Short descriptive text snippets:
──────────────────────────────
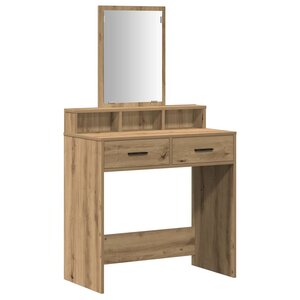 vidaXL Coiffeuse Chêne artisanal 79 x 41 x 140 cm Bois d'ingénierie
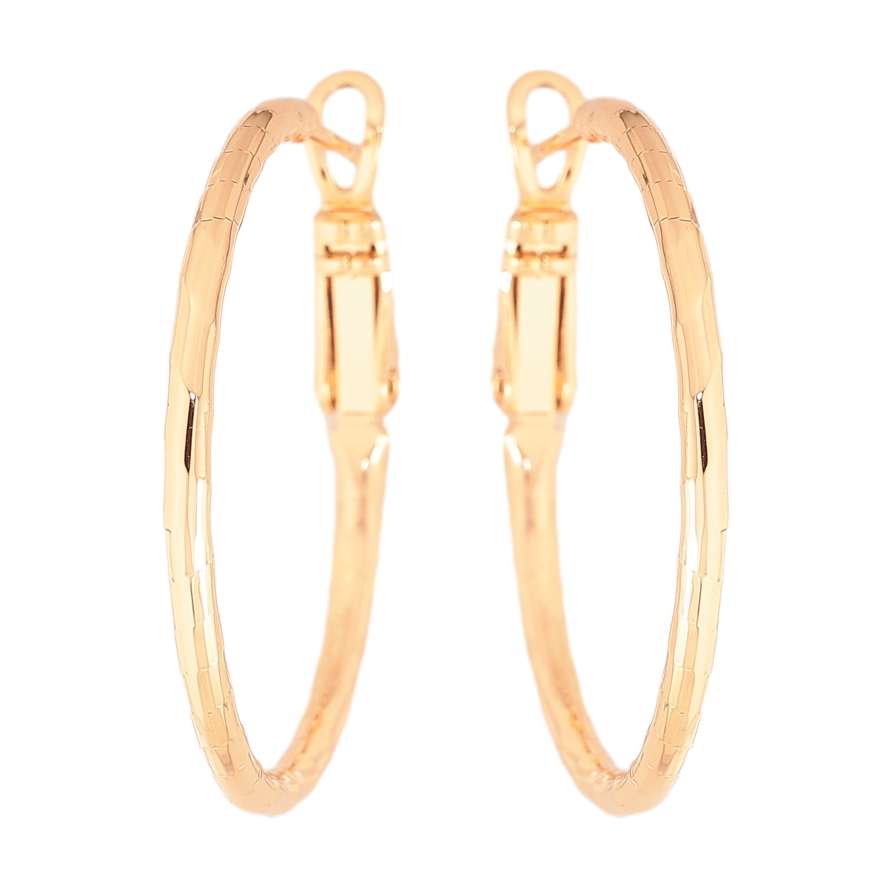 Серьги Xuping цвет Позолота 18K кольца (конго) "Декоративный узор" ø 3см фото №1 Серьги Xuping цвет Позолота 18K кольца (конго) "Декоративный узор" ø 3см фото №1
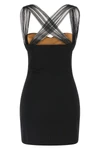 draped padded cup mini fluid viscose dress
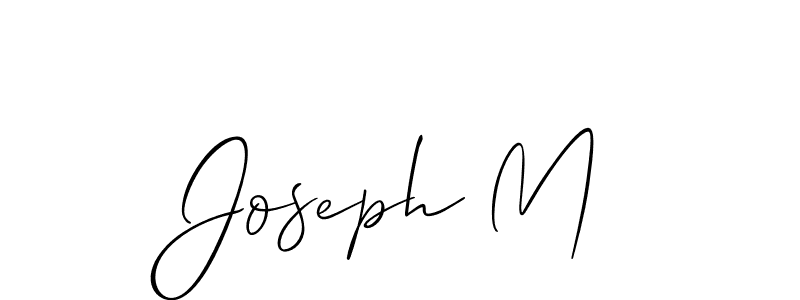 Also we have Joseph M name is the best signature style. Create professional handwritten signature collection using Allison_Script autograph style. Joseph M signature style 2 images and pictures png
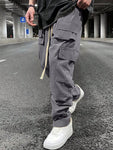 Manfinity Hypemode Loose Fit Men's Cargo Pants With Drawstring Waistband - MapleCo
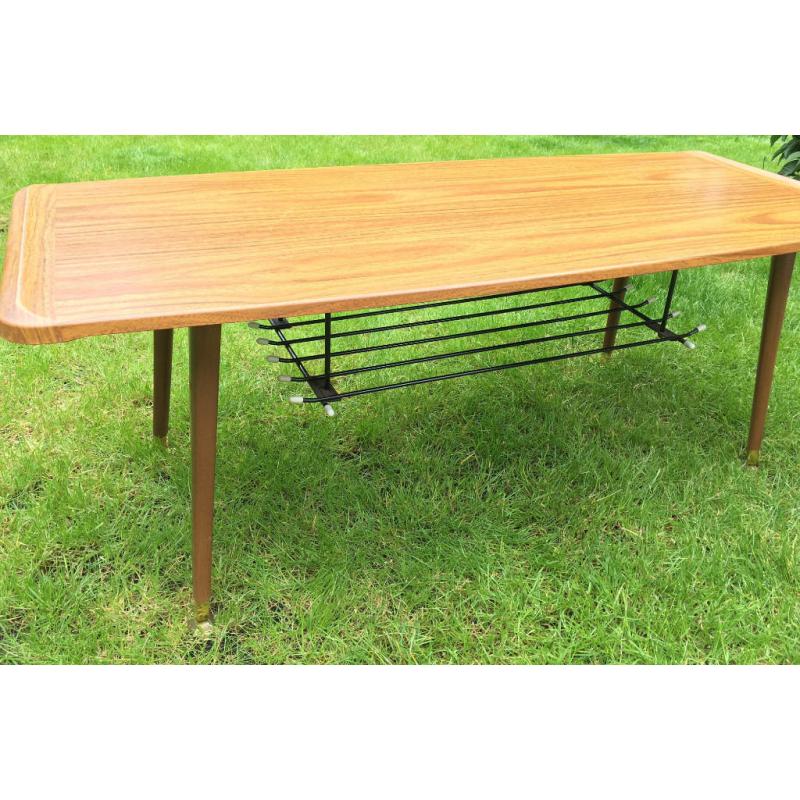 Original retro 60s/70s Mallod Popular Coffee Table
──────────────────────────────
* **Aim of the task**
Copy the records exactly as they appear, excluding images.

* **Task result**
 vidaXL Coiffeuse Chêne artisanal 79 x 41 x 140 cm Bois d'ingénierie
 Серьги Xuping цвет Позолота 18K кольца (конго) "Декоративный узор" ø 3см фото №1 Серьги Xuping цвет Позолота 18K кольца (конго) "Декоративный узор" ø 3см фото №1
 draped padded cup mini fluid viscose dress
 Also we have Joseph M name is the best signature style. Create professional handwritten signature collection using Allison_Script autograph style. Joseph M signature style 2 images and pictures png
 Manfinity Hypemode Loose Fit Men's Cargo Pants With Drawstring Waistband - MapleCo
 Original retro 60s/70s Mallod Popular Coffee Table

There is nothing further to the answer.